I'd love to hear from those who have more knowledge than me about kente and African art, and find out what they think about the use of such imagery for this project. This is another fantastic opportunity to learn.

There is currently a noticeable tendency to turn the redesign of the Columbus Crew crest in a decidedly German direction. It's understandable. I think to entirely wrap the identity of the Columbus Crew in German stylization, design systems, and presentation, while not unfounded (I've already included German elements in designs for this series) would be a bit of a mistake. The team seems to moving in German, or at least European, directions in terms of coaches, players, perhaps playing style (we'll see), but that's different than how a team should represent its past, present, future as well as its city to the rest of the world through its badge or imagery.

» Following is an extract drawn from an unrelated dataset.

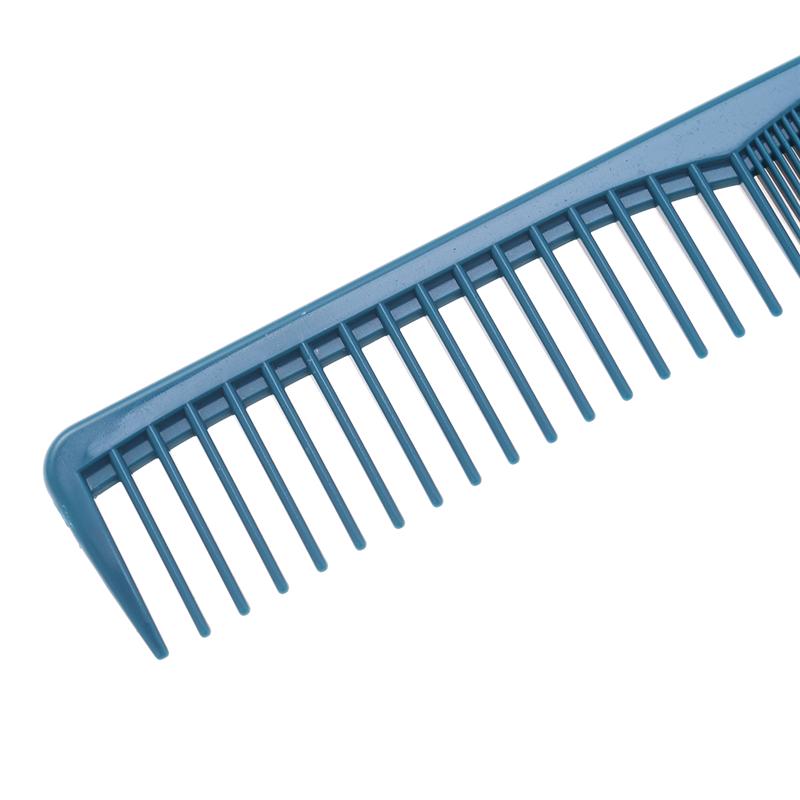 Hair Comb Haircut Special Anti-static Comb Haircut Barber Comb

Columbus is so much more than German Village and the fraction of its historic population that came from Germany; and the culture that surrounds the Columbus Crew—as I hope this blog post illustrates—is so much more than the Nordecke and beer. The Black and Gold colors are so much more than just similar to Borussia Dortmund. This is an international team in an international town. Yes, the German heritage of portions of this city are important and incredibly interesting, but that doesn't tell the story of this city. Not even close.

Take a 30 minute walk through my favorite neighborhood—Old North Columbus, just west down Hudson Street from Crew Stadium—and you'll see businesses and restaurants that are Italian, Chinese, Indian, Mexican, Central American, South American, Pakistani, Vietnamese, Thai, North African, East African, West African, Jamaican, Irish, and on and on. There are churches, mosques, and temples of all sorts. There are gay bars, straight bars, lesbian bars, drag bars, hookah bars, dive bars, college bars, diners, carry outs, private clubs, music clubs, coffee shops, barbershops, and a neighborhood hardware store. Within 10 minutes bike ride you can find hangouts for people from Afghanistan, to Korea, to Zimbabwe. Some people call parts of Old North "Awesometown" for a reason, but it's like this in many places in our city. Asking a city that is this diverse and dynamic to invest the entire international scale and scope of its love for the global game into the narrow focus of one particular national soccer identity would be selling our city short. I hope that Anthony Precourt and those who have his ear understand this about Columbus. I hope that this series can add to their understanding.